··· ENTRIES PROVIDED ···
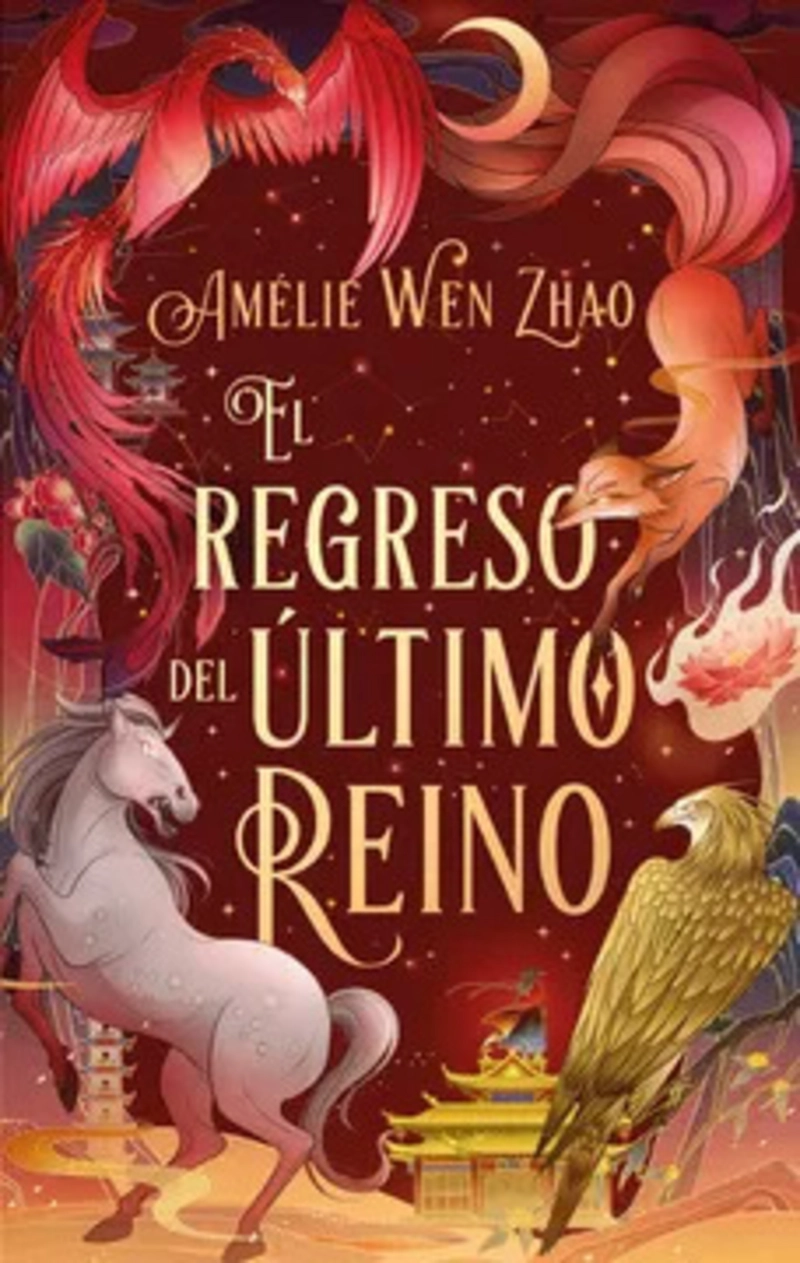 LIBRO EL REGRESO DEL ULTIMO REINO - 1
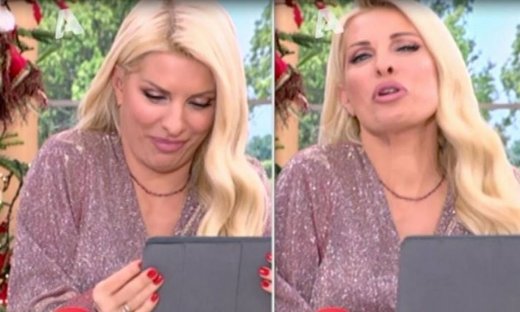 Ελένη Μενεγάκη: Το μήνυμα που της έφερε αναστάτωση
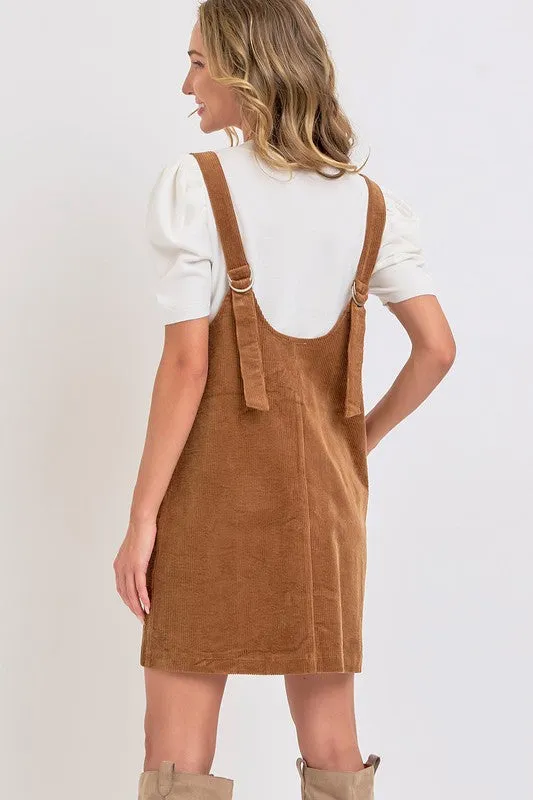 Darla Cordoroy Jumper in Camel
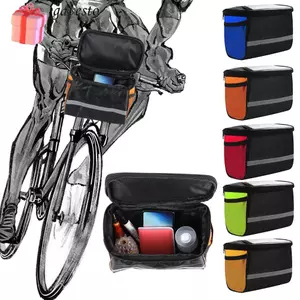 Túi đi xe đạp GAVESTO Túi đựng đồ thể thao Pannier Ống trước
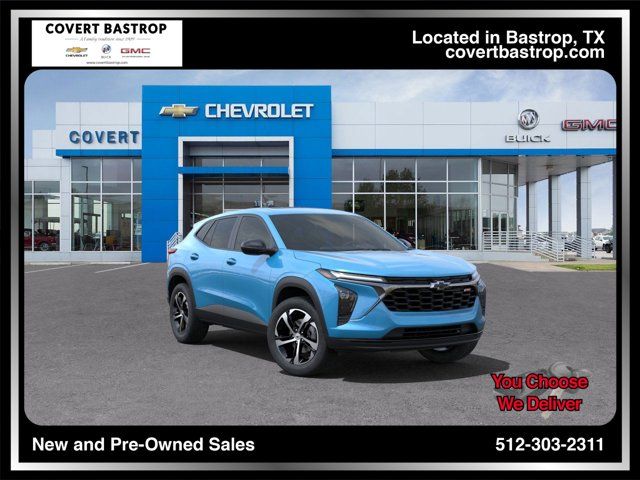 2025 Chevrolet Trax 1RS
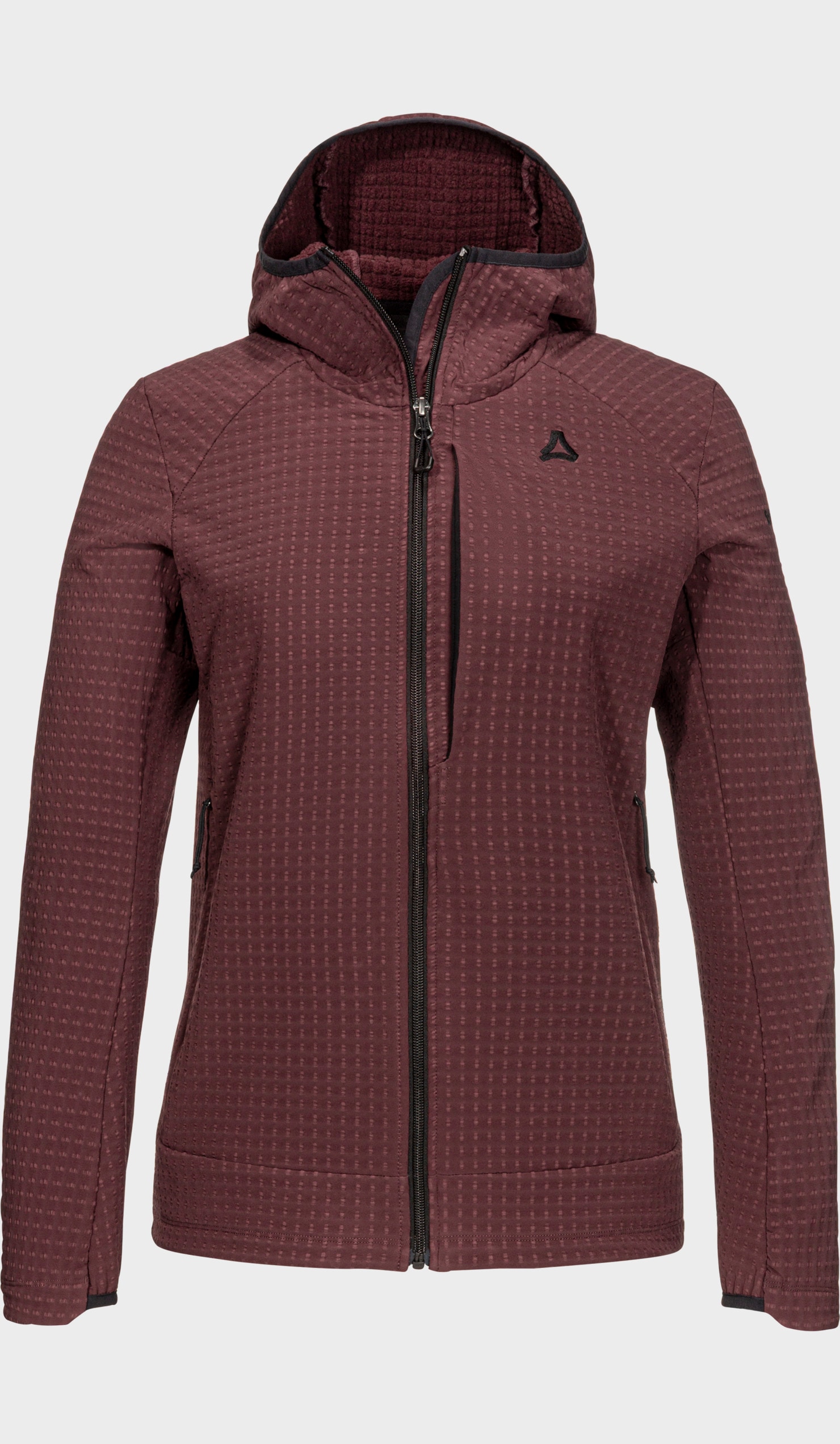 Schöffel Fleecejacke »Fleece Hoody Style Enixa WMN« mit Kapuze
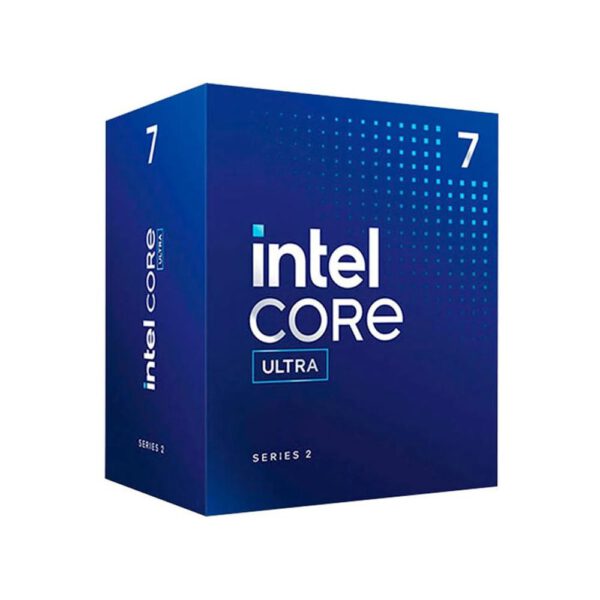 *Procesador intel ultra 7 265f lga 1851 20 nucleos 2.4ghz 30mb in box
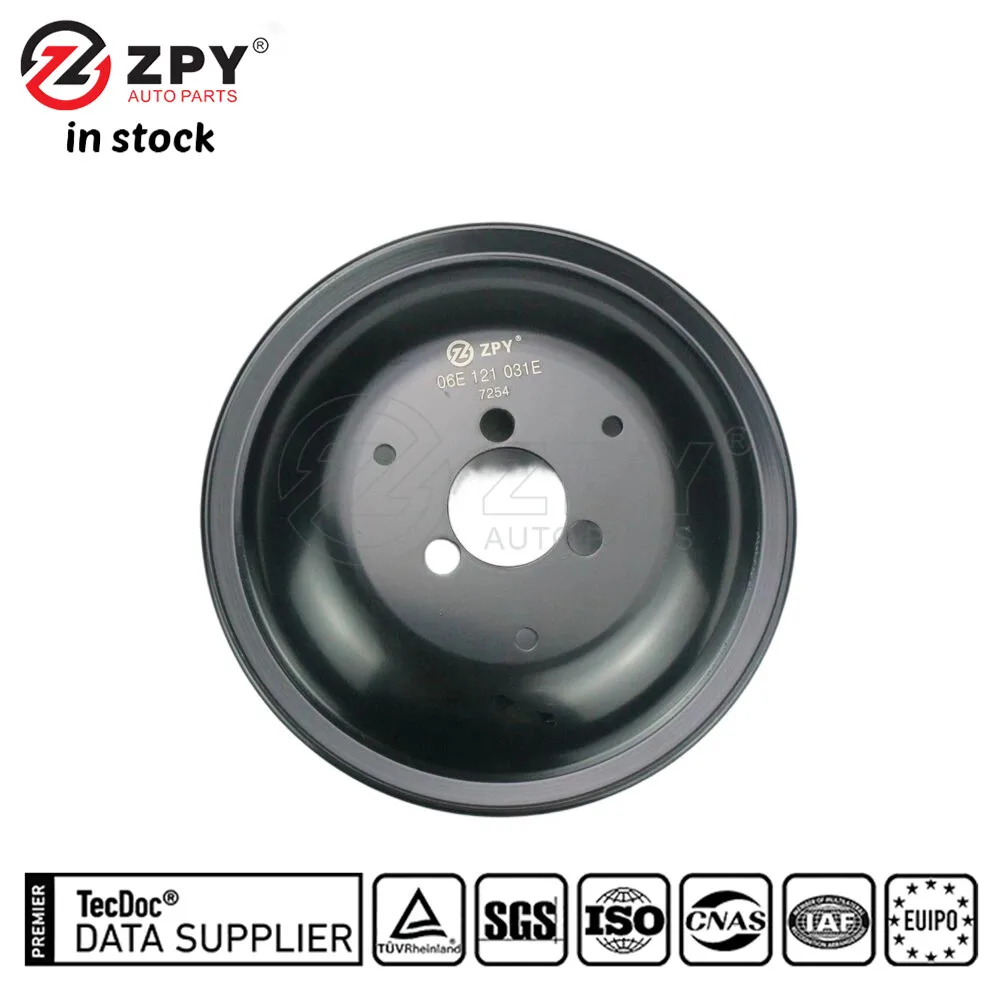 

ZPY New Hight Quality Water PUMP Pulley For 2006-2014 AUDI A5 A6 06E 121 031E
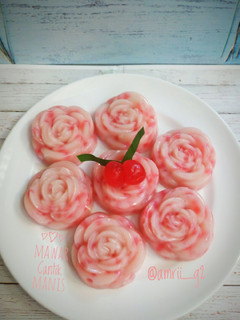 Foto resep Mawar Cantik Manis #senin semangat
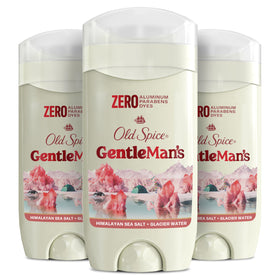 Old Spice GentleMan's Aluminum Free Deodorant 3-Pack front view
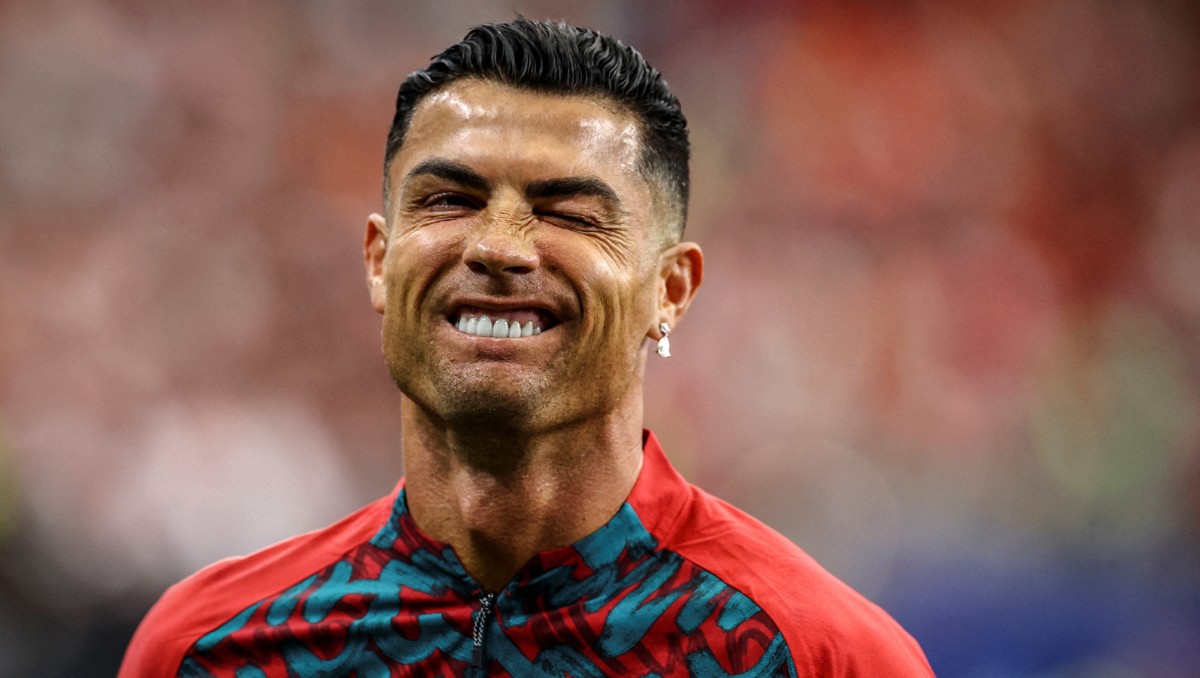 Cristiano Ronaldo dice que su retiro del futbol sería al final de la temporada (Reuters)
···
▶ YOUR INSTRUCTIONS:
Please write out, word for word, each line from the one with "Foto resep Mawar" to the last line of the data, keeping both ends and omitting pictures.

▶ RESPONSE:
 Foto resep Mawar Cantik Manis #senin semangat
 Old Spice GentleMan's Aluminum Free Deodorant 3-Pack front view
 Cristiano Ronaldo dice que su retiro del futbol sería al final de la temporada (Reuters)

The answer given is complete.